1934 may have been the height of the Great Depression, but it is also the year that one of my favorite movies came out: Frank Capra’s It Happened One Night, starring Clark Gable and Claudette Colbert.

In a famous scene, Clark Gable removes his shirt before going to bed and reveals that he is not wearing an undershirt.  Legend has it that undershirt sales dropped 75%, immediately, in the U.S. After all, if Clark Gable doesn’t wear an undershirt, why should I?

Imagine you are an undershirt manufacturer in 1934.  You have three choices:

  1. Say, “this is just a fad,” do nothing, and wait for undershirt sales to return to normal levels.
  2. Say, “this industry is dead,” and get out of the undershirt business.
  3. Say, “our world is different now.  We need to recalibrate our whole approach to our business in light of these changes.”

Not hard to guess which choice I think is the right one.  Think about this: T-shirt sales after 1934 grew exponentially, as the t-shirt became not only an undergarment but a special piece of clothing in its own right.

Now, think about your world, right now.  Changes in your world happened, essentially, in one night, and it didn’t take Clark Gable undressing for bed to cause these changes.  Your world today, on April 16, 2009, is completely different than your world on April 16, 2008.

So, what are you going to do?  Hunker down and wait for the undershirt business to come back to “normal?”  Get out of the undershirt business?  Or … recalibrate your approach to your business, finding opportunity in the new world order?

The choice is yours …

(P.S. As Arna and I were being married, on January 21st, 1984, the VHS recorder in our apartment was, at the same moment, recording It Happened One Night off of our local PBS station.)


  • Fred H Schlegel
    Apr 16, 2009 - 14:43 pm

    Great reminder to watch out for the unexpected. The t-shirt folks have done ok since then, but this also reminds me of what the hat folks went through around the time of Kennedy. Neil Steinberg wrote a great book outlining the decline and the lengths some went to bring them back.

    • Steve Yastrow
      Apr 19, 2009 - 22:38 pm

      Thanks Fred. I’ll check out Neil Steinberg.

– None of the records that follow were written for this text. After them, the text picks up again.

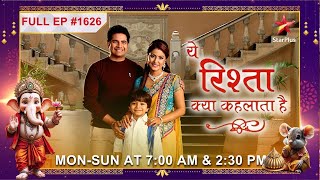 Rashmi ko शांत करने की Naitik ki कोशिश  Full Episode1626Yeh Rishta Kya Kehlata Hai [upl. by Erl]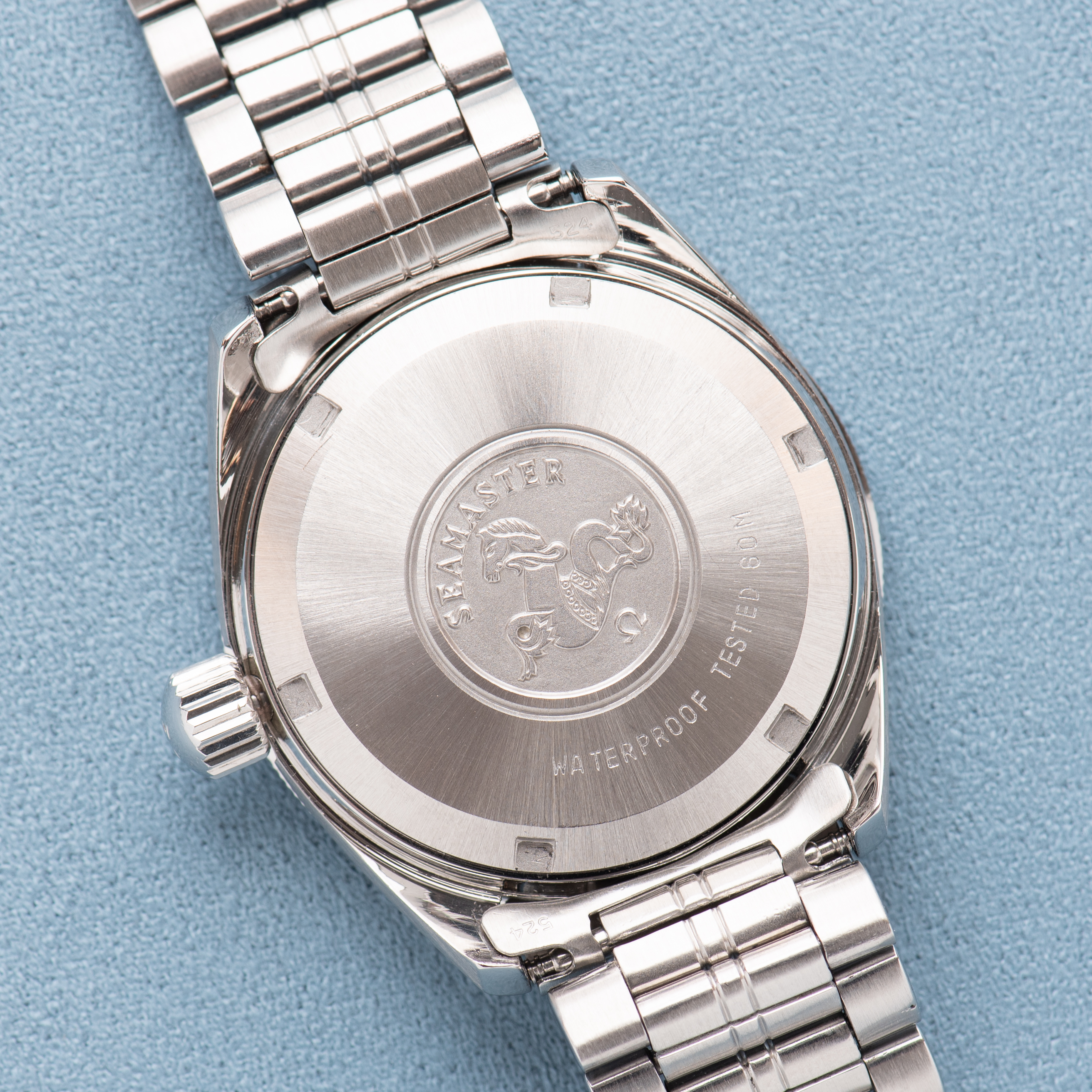 View of Omega Automatic Seamaster 60 Divers from 1969 Ref 166.062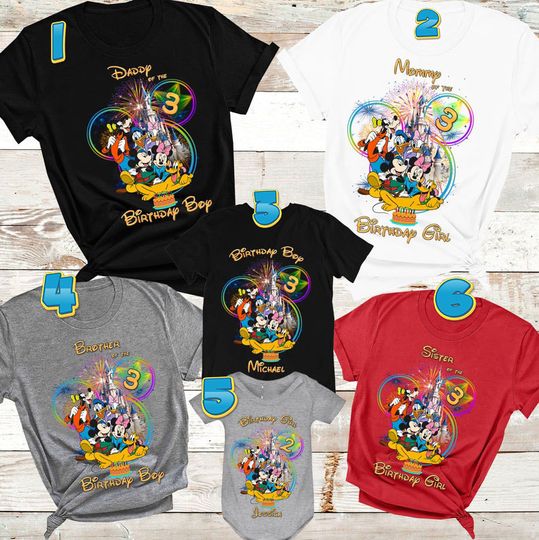 Disneyland Shirt Disney Birthday Shirt Birthday Boy Girl Disneyworld  Shirt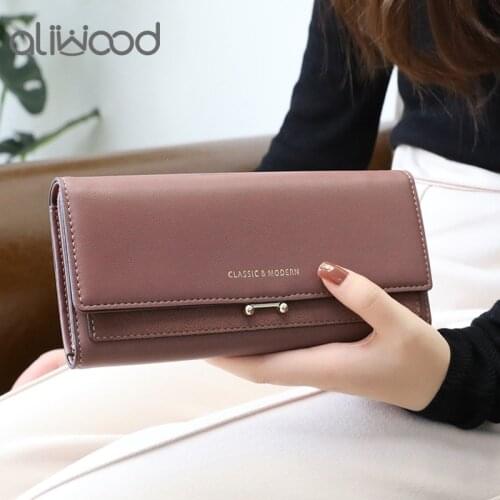 Aliwood 2021 Brand Luxury Women Wallet Long Purse Clutch Large Capacity Female Wallets Lady Phone bag Card Holder Carteras Mujer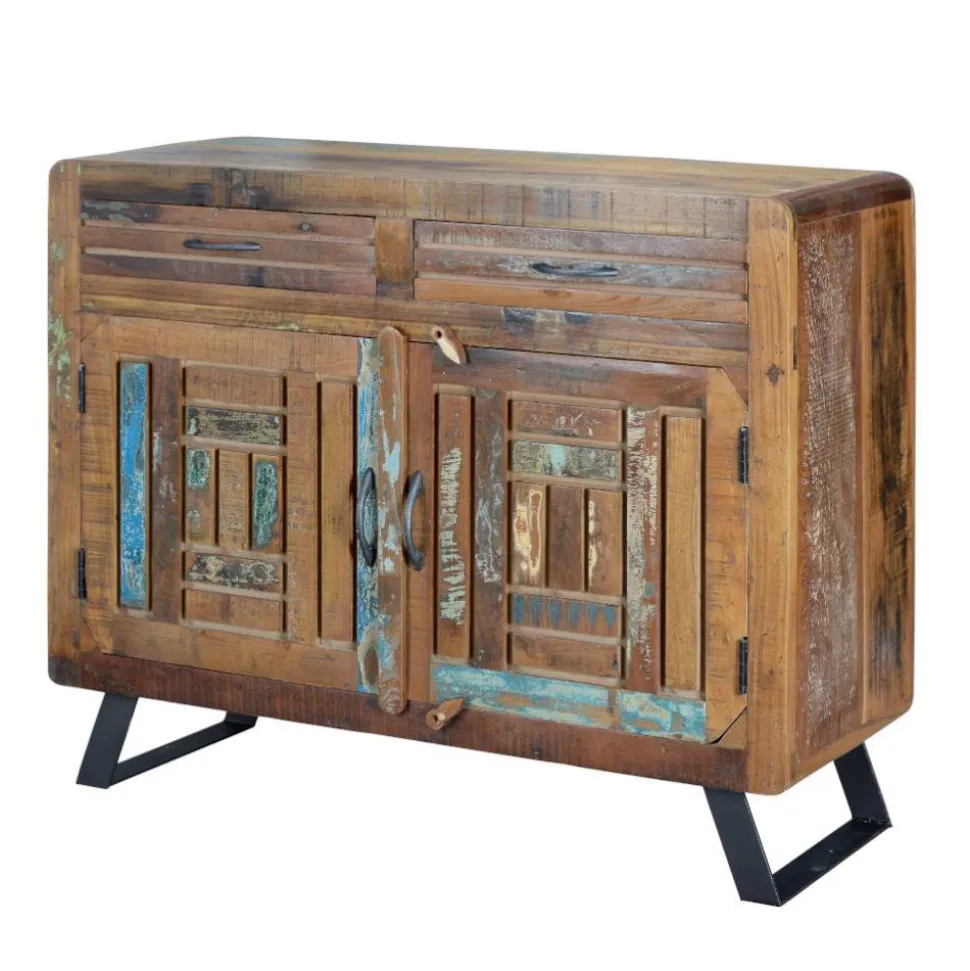 Shabby Chic Kombi-Kommode aus Recyclingholz - Tunar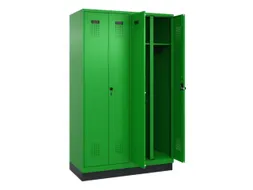 locker voor scheiding van kleding,HxBxD 1950x1200x500mm,4vak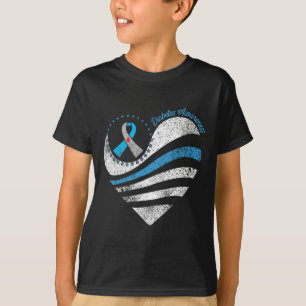Type 1 Diabetes Awareness Heart Ribbon T-Shirt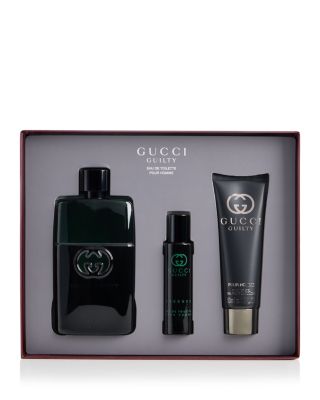 Guilty Pour Homme Essence Eau de Toilette for Men and Shower Gel Trio Gift Set ($191 value)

      Reminds me of the Cindy Lauper skirts teenage girls wore in the ’80’s.

  • Andy Thorp
    Apr 19, 2009 - 17:37 pm

    This got me thinking about other cases of ‘what the movies did for us’. Here’s my top 6 of ‘help or hindrance’:

    Jaws – swimming (and sharks)
    Deliverance – river trips
    The Poseidon Adventure – cruises
    Marathon Man – going to the dentist
    Fatal Attraction – infidelity
    The Shining – getting away from it all

    Amadeus – classical music
    The Italian Job – the mini
    Lord of the Rings – New Zealand
    The Full Monty – naturism
    Saturday Night Fever – disco
    The Big Lebowski – bowling

    Any more suggestions?

    • Steve Yastrow
      Apr 19, 2009 - 22:37 pm

      Andy –

      Awesome list!

      A few more that come to mind:

      Boogie Nights – roller skating
      Lion in Winter – putting your wife, the queen, in prison
      The Graduate – going into Plastics
      The Frisco Kid – transferring to a new city for a job
      Blazing Saddles – eating around the campfire
      Pulp Fiction – robbing diners, checking if the pistol’s safety is on
      The Philadelphia Story – wedding crashing, way before Wedding Crashers
      Slumdog Millionaire – paying attention to what goes on around you

  • Andy Thorp
    Apr 20, 2009 - 05:11 am

    We could go on forever with this stuff on movie links (believe me, I would!) but there’s a more serious point to this too I think. The best directors and writers know how to play their audience and that means understanding how the viewers think and feel. Those emotional strings are pulled brilliantly by the likes of Hitchcock and that’s why they achieved ‘master’ status. Only in the best movies do we really identify with the characters, and truly care about them. Think about Tim Robbins’ character in Shawshank, or Jamal (Dev Patel) in Slumdog. There’s an emotional connection between the audience and what’s presented to them.

    This sounds awfully like sales to me! We buy on emotion, so if we’re to become a ‘master of sales’ we have to get under the audience’s skin and become truly engaged.